I was born in Wakefield, West Yorkshire on February 10, 1921. My mother, Emily (née Clarke) was also born there. My father, Joseph Wiseman came from Salford in Lancashire. He had completed his apprenticeship as a paper ruler and travelled to different places in England as a journeyman. During his travels, he met my mother, continued his travels and then went to the war in 1914. He served in Gallipoli and in France. He spent the last nine months of WorId War I as a prisoner of the Germans in Northern France. He was repatriated in bad health, joined up again with Mother and they married.

I was the first born child. My godparents were my uncle and aunt, Harry and Annie Clarke. They took me to St. Austin's church that was staffed by the Jesuits at that time. Harry and Annie were sentimentally pro-Irish then and the song about Kevin Barry was sung in Irish circles. They suggested I should be called Kevin and my parents agreed. But the priest, probably an Englishman, required that a baby be given a Christian name, so they also called me Joseph after my father.

When I was 2 years old, my parents moved to Sheffield so that my father could find work. We lived in Heeley, sharing the house with an old man that I supposedly called "Gan-gan." My memories of this time were waiting for my father to come home from work and telling us how the bus got stuck on the hill and all the men got out and pushed. A boy across the street had a sandbox. He was a little bit older than me. His father had a motorcycle with a sidecar and they used to take exciting trips to the seaside and on each occasion came back with some sand for the sandbox. I was never invited to go with them on the seaside trips. There was a cinema house up the hill from where we lived and my parents would go and watch cowboy films of the 20's. I could never understand why the wheels turned the wrong way! There would be a serial film too and they would say "I wonder what will happen next week?" And so we got to go again. There was a shoe mender in the area (we called him a cobbler) and my mother claimed he was the best shoe mender in town. Years later, I was always sent to him for repairs.

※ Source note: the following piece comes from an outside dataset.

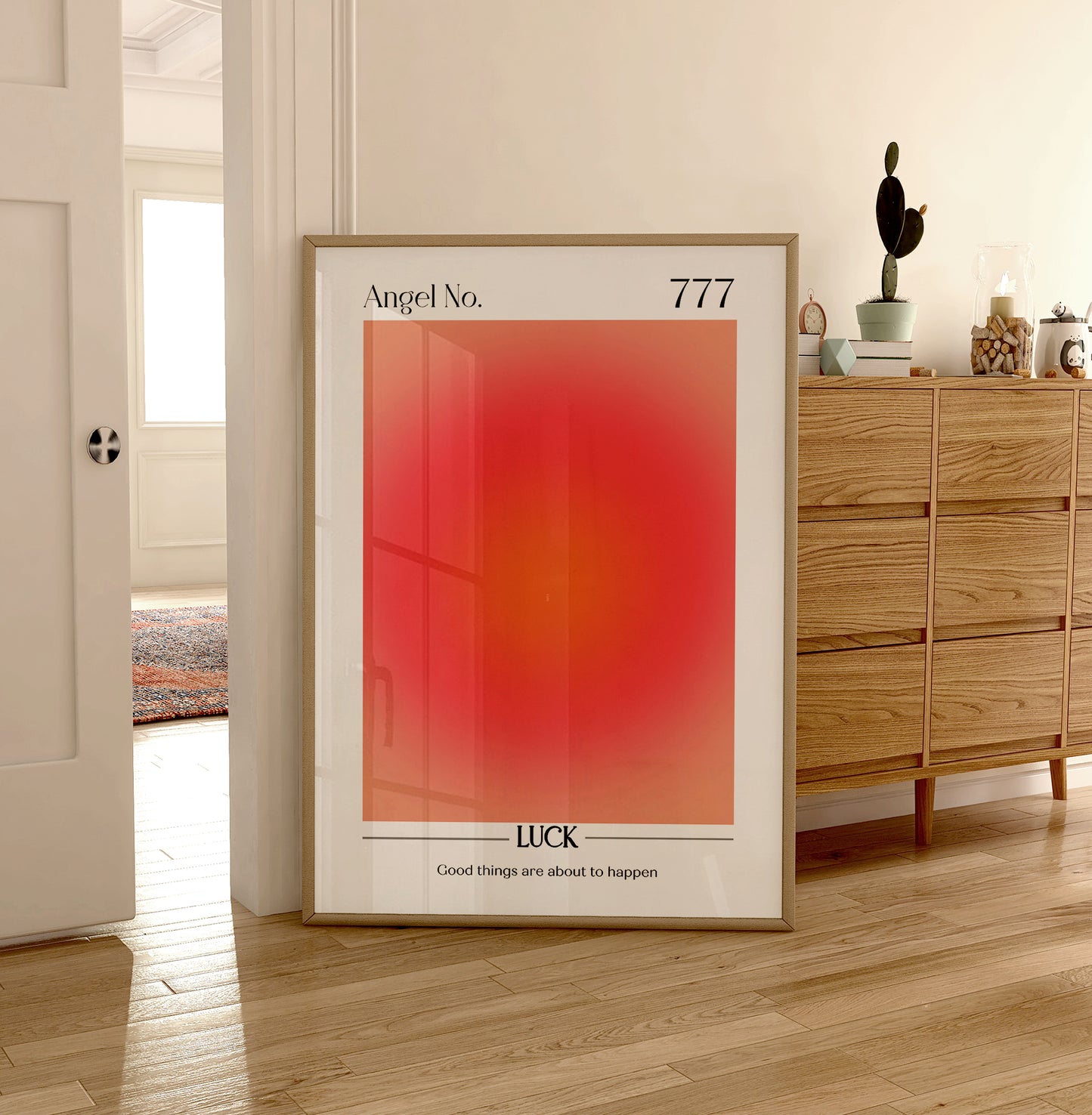 Angel Number Print - 777 Luck Print - Aura Poster - Angel Number Wall Art - Femininity Poster - Girls Bedroom - Pastel Print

When I was four years old, we moved to Intake, a district located on the other side of town, where we were able to rent a corporation house all to ourselves. It was really open farmland and the city built huge estate houses and streets, and the increasing population were able to rent what we called corporation houses. The new houses were soon filled up with tenants and it was a wonderful life. There was a farm at the top of the street and I became friendly with the farmer's boy. One of my chores was to go each day to the bread shop and buy a loaf of bread. It was about two miles away and in those times it seemed normal that a four-year-old boy should go alone.

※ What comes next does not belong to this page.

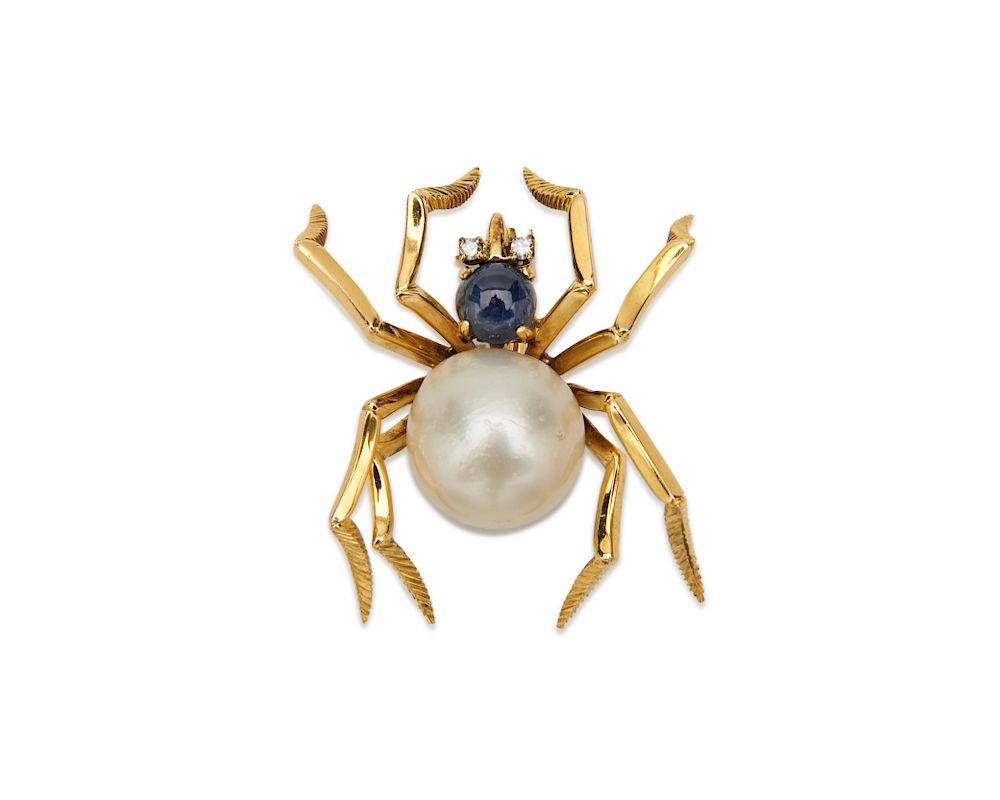 Appraisal: K Gold Pearl Sapphire and Diamond Spider Brooch K Gold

Photo (left) : Great Grandma, Grandma, Mother and me.

While we were living in Intake, my parents bought my first bike. It was called a "Fairy Cycle." Dad used to send one of the apprentices from work to come and teach me how to ride it. It took a long time for me to learn but one wonderful day I found myself riding alone. It was such a big accomplishment. This was the only bike I ever had for the next six years until I outgrew it. At one time, I tried to make a cart with the wheels for carrying groceries, but it did not work, and I had to carry my cart and the groceries home.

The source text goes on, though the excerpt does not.